Lots of people do bad things to others and themselves, and later on, some may consider what they did was bad, or they might not. If they still think it was OK, it’s because they’ve used some kind of justification, like, "She did it to me first," "She was teasing me. What did she think would happen?" or, "He had it coming," or "I had no choice," And so forth. These are all rationalizations after the fact, justifications that allow them to still consider themselves as good people rather than change their behaviour or take responsibility for having done something wrong. These don’t address the real reason these people did these things. In all cases, whatever they did, it was because they were feeling bad about something, weren’t centred, and reacted from "lizard brain" instincts of individual survival rather than from human compassion.

I believe that the natural and best state for a human being to be is happy (and here again, I mean blissfully happy). Every bit of programming we have nudges us towards certain actions by rewarding us with feelings of happiness, or reduced misery. We only live once, so I would modify your description only slightly to, “taking what bliss you can when you can”.

Divine morality isn’t necessary. Having any collective understanding of what is good and what is bad is enough. For most of humanity’s existence, even up to now, there hasn’t been a clear standard. In patches of geography where there was one, it only applied well to that time and culture. Just as ordinary people supplanted kings and emperors as absolute leaders without society collapsing, and just as ordinary people supplanted religions are sole arbiters of the law without society collapsing, ordinary people can supplant religion as arbiter of what is good and what is bad as well, and society will continue not to collapse.

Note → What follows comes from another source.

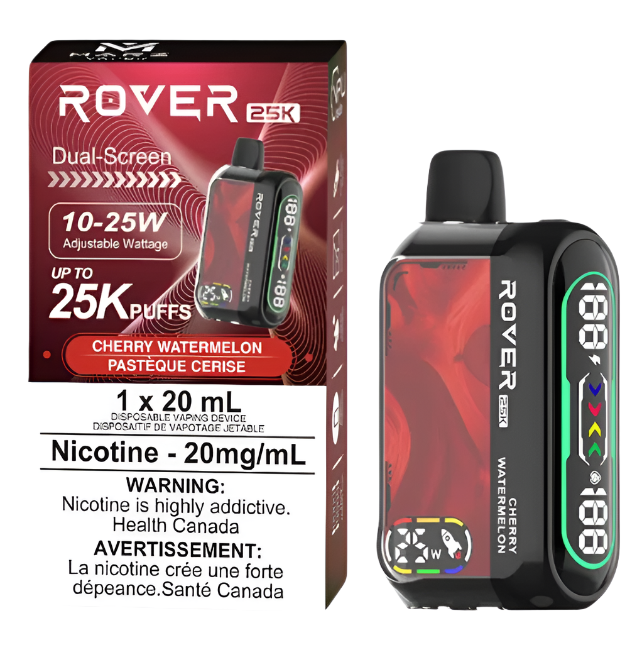 Rover 25K - Cherry Watermelon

And better than a list of what’s good and what’s bad is a system that determines for us what’s good and what’s bad. I’ve seen one model that I like, delivered by Sam Harris. The most salient bit starts at about 10:00 and runs to around 27:30. If you don’t want to watch it now, I’ll summarise the most important ideas: For a moral code to have meaning, it has to apply to some form of consciousness – it cannot apply to rocks and dust. Then there’s the central point which requires you to imagine "the worst possible misery for everyone", and assume that this situation is "bad". "Good" is then defined in terms of moving people away from this "worst possible misery for everyone". That’s it. I recommend hearing it from Harris himself.

The three advantages that occur to me of this system over Yahweh’s morality are that it’s a simple system rather than a long intricate list, so it’s quick to teach, easy to absorb, understand and reference, hard to corrupt, and all-inclusive; there’s absolutely nothing random about it, so odd details like not being allowed to wear garments made from two different thread types won’t make it in and there’s nothing objectionable about it from the standpoint of people who just want to do the right thing; and it’s truly universal in that it applies equally well now as it would have in 4000 BC China, in 30 AD Mesopotamia, or will in 12 000 AD Mars, so it’s broadly acceptable too. Every act that is good makes things better for people. If an act makes the world worse, then it’s bad. Simple. Lots of generalities can be derived from it, like killing people is bad, respecting other people’s property is good, and there’d be no arbitrary crap about touching pig skin being bad or extra-marital sex being bad.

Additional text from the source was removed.